### INSTRUCTIONS FOR THE TASK
Find the line that contains "Modern Solitaire Drops"; please output it and each line after it, exactly as shown, up to the end of the entries below, skipping pictures.

### AVAILABLE DATA
......

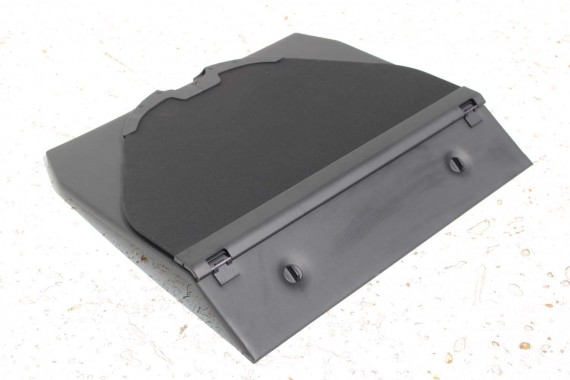 BMW i8 l12 PÓŁKA BAGAŻNIKA 7408656 51477408656 TYLNA TYŁ BAGAŻNIKA 7408656 czarna 51477408656 7408656 7408656 7408656 7408656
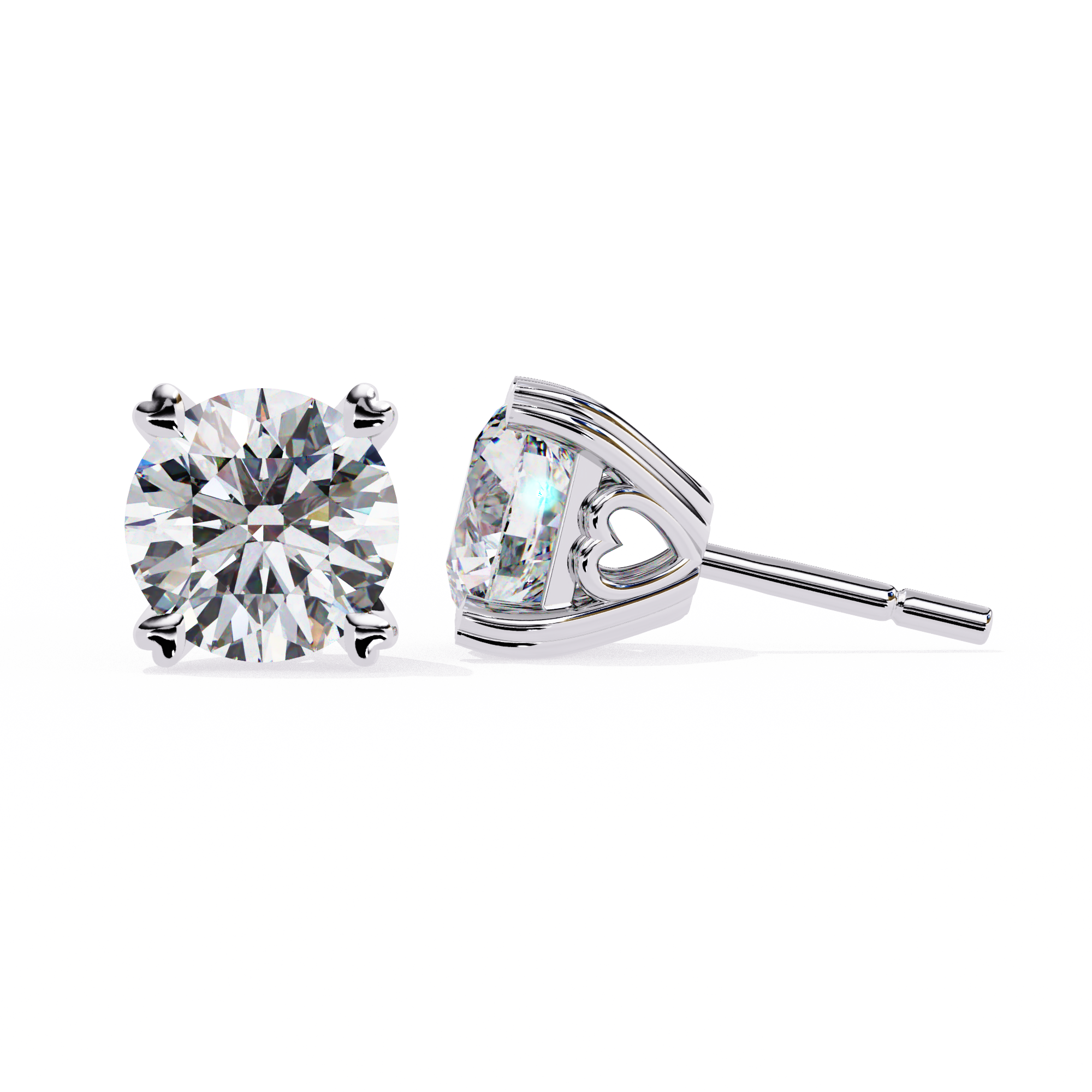Modern Solitaire Drops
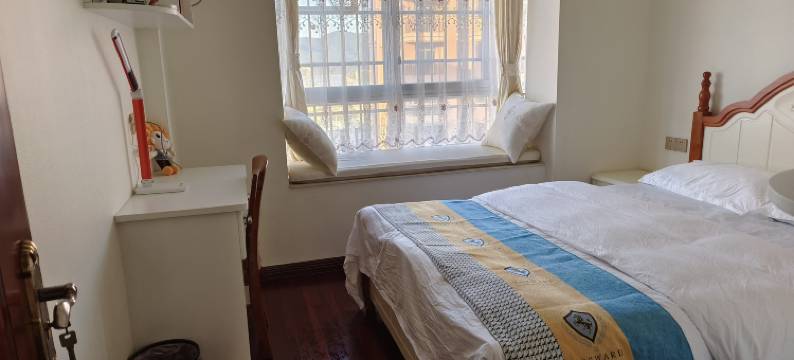 安之诺民宿图片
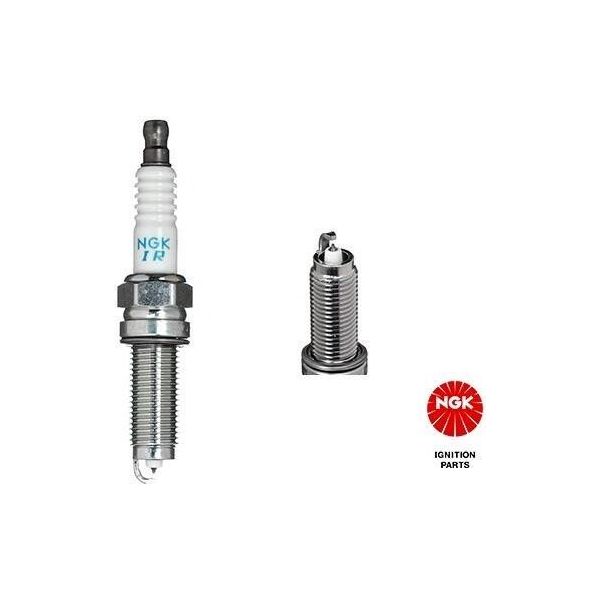 Ngk 92932 - Candela Di Accensione Oe 12290 R1A H01 Per Accord Viii, Civic Ix, Civic X, CR-V Iv (Rm)-image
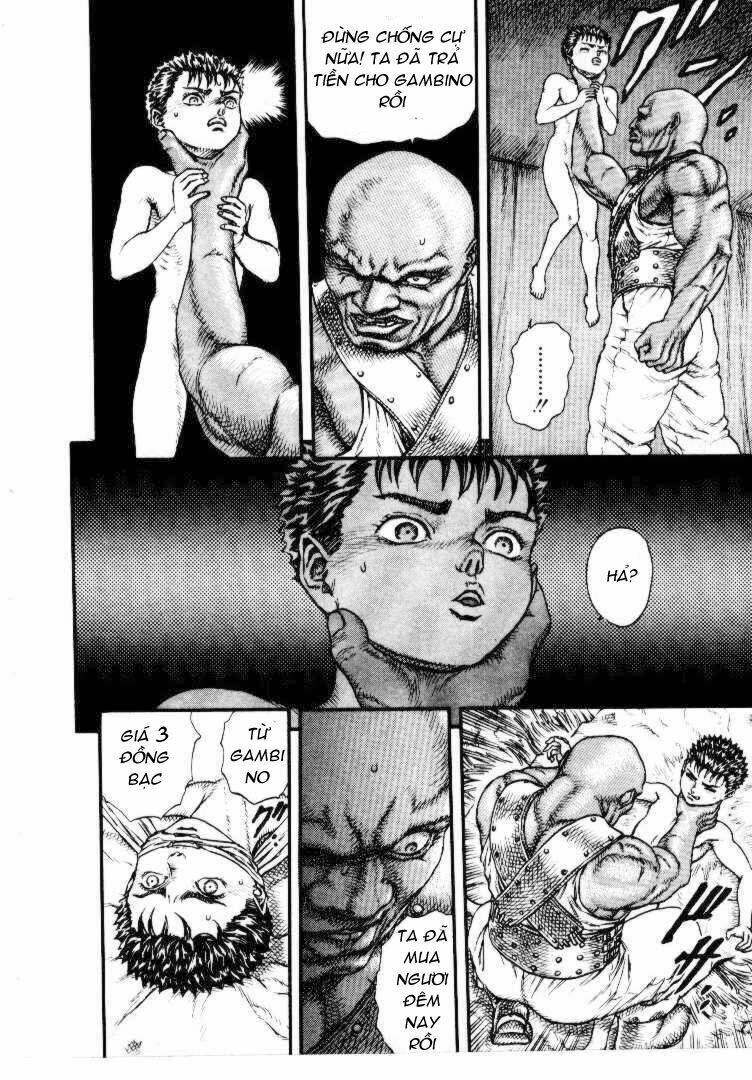 berserk chapter 10 - Trang 2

......

### OUTPUT OF THE TASK
Modern Solitaire Drops
 安之诺民宿图片
 Ngk 92932 - Candela Di Accensione Oe 12290 R1A H01 Per Accord Viii, Civic Ix, Civic X, CR-V Iv (Rm)-image
 berserk chapter 10 - Trang 2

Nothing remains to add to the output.